How do you talk to yourself? Is the voice in your head kind and compassionate? Or is it harsh and cruel? What words do you use to speak to yourself? Would you direct those same words towards a friend?
I think we can all agree that it is not okay to call someone else horrible names, but many of us don’t hesitate to do exactly that to ourselves. Young children can recognise bullying and the vast majority of them know that it is not okay to bully anyone, ever, but many of us adults beat ourselves up and put ourselves down on a daily basis. It needs to stop.
Being aware of our self talk is the first step towards changing it. A lot of our internal dialogue is on autopilot. We are letting it play, listening to it as if it’s valid, absorbing it, allowing it to change our mood and set off a cascade of negative emotions without ever stopping to check whether it’s acceptable or not. Our thoughts are just our thoughts, they’re not always true or right or valid, we create them and we do not have to accept them.

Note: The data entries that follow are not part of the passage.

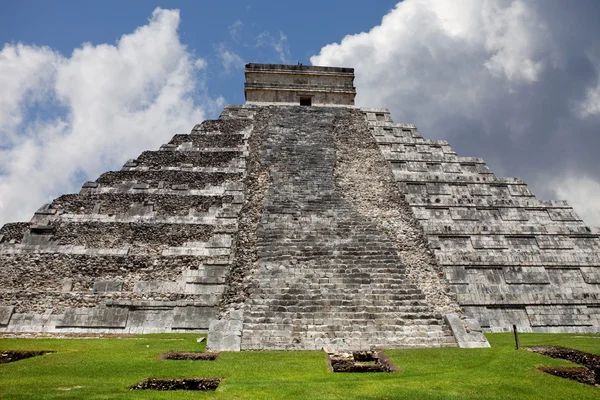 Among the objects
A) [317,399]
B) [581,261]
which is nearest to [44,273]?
[317,399]

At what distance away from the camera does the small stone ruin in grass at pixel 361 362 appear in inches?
292

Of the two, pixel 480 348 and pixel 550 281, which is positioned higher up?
pixel 550 281

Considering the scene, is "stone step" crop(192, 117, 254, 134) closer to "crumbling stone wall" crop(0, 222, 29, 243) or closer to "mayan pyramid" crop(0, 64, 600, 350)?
"mayan pyramid" crop(0, 64, 600, 350)

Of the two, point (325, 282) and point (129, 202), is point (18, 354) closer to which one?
point (325, 282)

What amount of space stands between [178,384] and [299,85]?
21046 millimetres

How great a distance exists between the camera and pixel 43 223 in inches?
564

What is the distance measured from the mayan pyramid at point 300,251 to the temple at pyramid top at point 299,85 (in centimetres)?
563

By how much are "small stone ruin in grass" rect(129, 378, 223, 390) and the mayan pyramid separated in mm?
3273

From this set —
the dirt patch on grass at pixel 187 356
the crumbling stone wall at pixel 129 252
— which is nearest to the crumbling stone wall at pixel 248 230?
the crumbling stone wall at pixel 129 252

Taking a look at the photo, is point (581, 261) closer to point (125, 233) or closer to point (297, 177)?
point (297, 177)

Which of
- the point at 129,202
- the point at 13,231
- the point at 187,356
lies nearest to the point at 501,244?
the point at 187,356

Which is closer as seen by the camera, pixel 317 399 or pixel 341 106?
pixel 317 399

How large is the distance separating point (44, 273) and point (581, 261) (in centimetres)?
1815

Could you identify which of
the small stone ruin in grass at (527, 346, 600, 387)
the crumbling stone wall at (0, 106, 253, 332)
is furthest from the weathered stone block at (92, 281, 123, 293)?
the small stone ruin in grass at (527, 346, 600, 387) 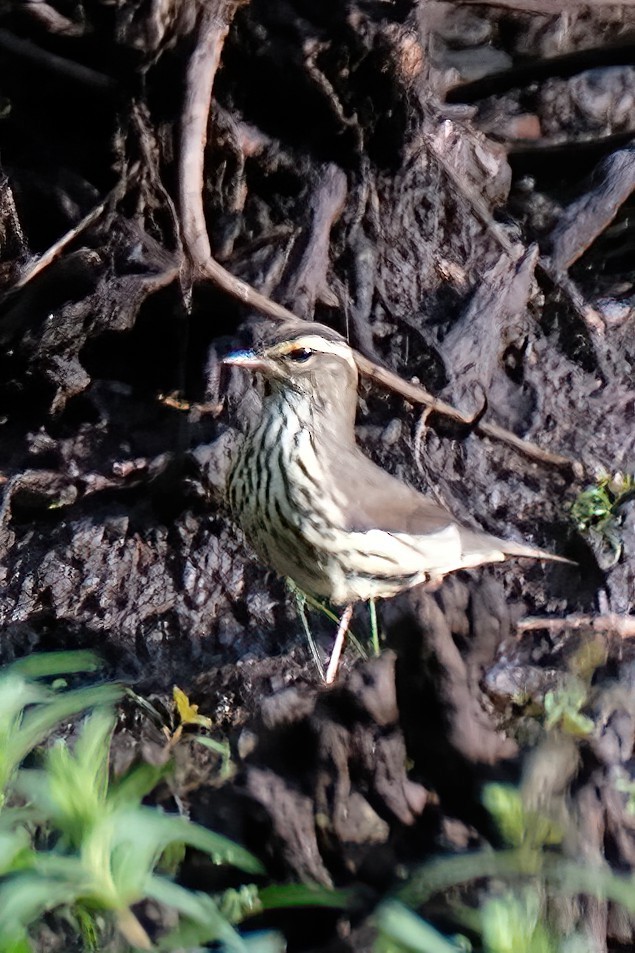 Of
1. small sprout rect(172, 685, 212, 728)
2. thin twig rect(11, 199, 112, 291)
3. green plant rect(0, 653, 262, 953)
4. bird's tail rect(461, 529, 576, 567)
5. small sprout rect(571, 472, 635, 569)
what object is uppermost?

The next time you’re feeling yourself spiralling into negative self talk, to start with, try to be more aware of it, recognise that it’s negative and just observe it. Try to step back from the thoughts and observe them rather than getting consumed by them and allowing them to trigger a cascade of emotions.
By separating yourself from negative self talk you are acknowledging that it’s not really you, it’s just your insecurities and doubts bubbling to the surface. Everyone has these thoughts but only some of us choose to listen to them and believe them to be true.
To start with, try to move towards being more accepting of yourself. You do not have to love yourself or suddenly become the most confident person in the world, but try to be neutral about aspects of yourself you have previously disliked. Remember – if you don’t have anything nice to say, just don’t say anything at all.